The 2017 Distinguished Members are responsible for an extraordinary array of achievements, reflecting many distinct areas of research and practice in the field of computing and information technology.
“Computing technology is becoming an increasingly dominant force in our daily lives and is transforming society at every level,” said ACM President Vicki L. Hanson. “In naming a new roster of Distinguished Members each year, ACM underscores that the innovations that improve our lives do not come about by accident, but rather are the result of the hard work, inspiration, and creativity of leading professionals in the field.”
Goldberg, a founding member of the School’s Cryptography, Security, and Privacy (CrySP) group, is being recognized for his contributions to the theory and practice of privacy-enhancing technologies.
Privacy-enhancing technologies promote freedom, autonomy, and human rights for Internet users around the world. Among Goldberg’s many successful projects is Off-the-Record Messaging, a cryptographic protocol that provides encryption for instant messaging conversations.
Salem, a founding member of the School’s Data Systems group, is being recognized for his contributions to the field of database management, which is concerned with organizing, storing, querying, and updating large amounts of information.
Salem is best known for his work on transactions, a key part of the conceptual underpinning of data-intensive systems. Transactions simplify the development of database applications for everything from phones to enterprise data centres and the cloud.
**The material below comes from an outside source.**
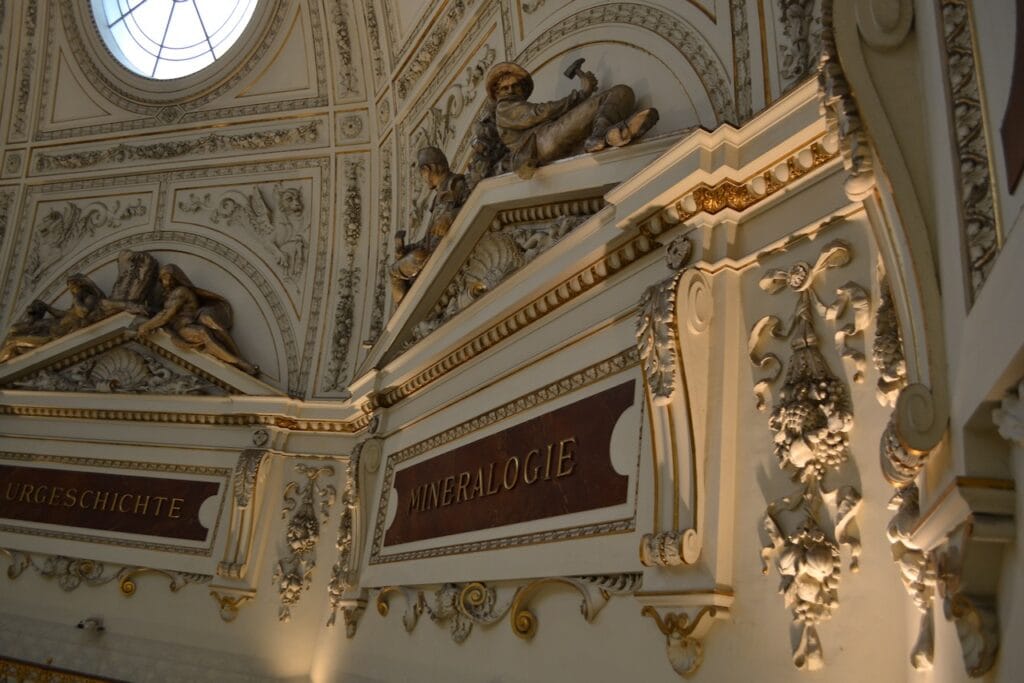 saharagems meteorite collection museum vienna 20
“Congratulations to Ian and Ken on becoming ACM’s newest Distinguished Members,” said Mark Giesbrecht, Director of the David R. Cheriton School of Computer Science. “They join a distinguished group of colleagues globally whose scientific achievements have been recognized by the ACM, the world’s largest educational and scientific computing society.”
The 2017 ACM Distinguished Members work at leading universities, corporations and research institutions around the world, including Australia, Belgium, Canada, France, Hong Kong, Italy, The Netherlands, Portugal, Qatar, Singapore, South Africa, South Korea, and the United States.
Collectively, they make contributions in a wide range of areas including accessibility, computational geometry, cryptography, computer security, computer science education, data structures, healthcare technologies, human-computer interaction, nanoscale computing, robotics, and software engineering, among many others.